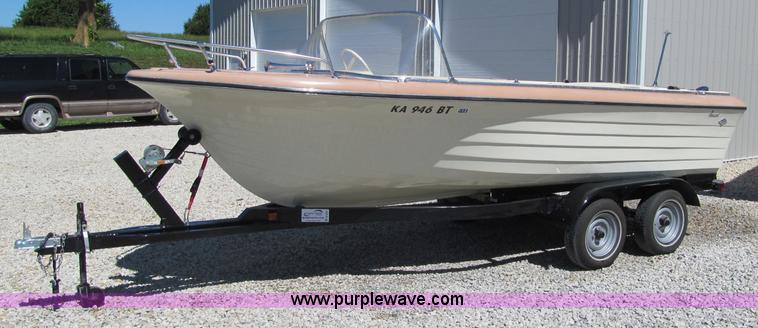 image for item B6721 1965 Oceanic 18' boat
==
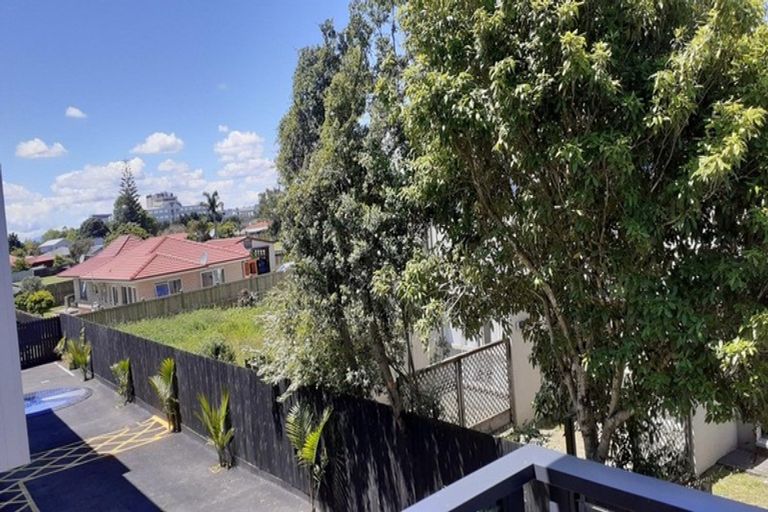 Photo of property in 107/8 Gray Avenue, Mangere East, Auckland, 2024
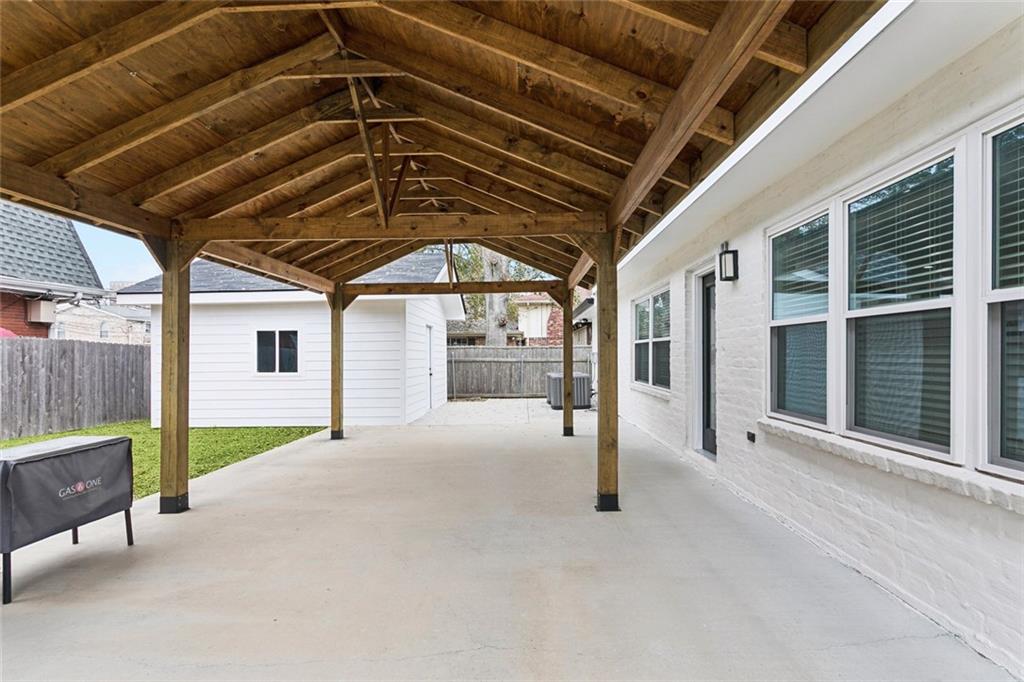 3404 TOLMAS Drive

## Exercise instructions
Find the line with "Photo of property" in the data above, and from there retype each line exactly through the line with "3404 TOLMAS Drive", skipping the pictures along the way.

## Finished exercise
 Photo of property in 107/8 Gray Avenue, Mangere East, Auckland, 2024
 3404 TOLMAS Drive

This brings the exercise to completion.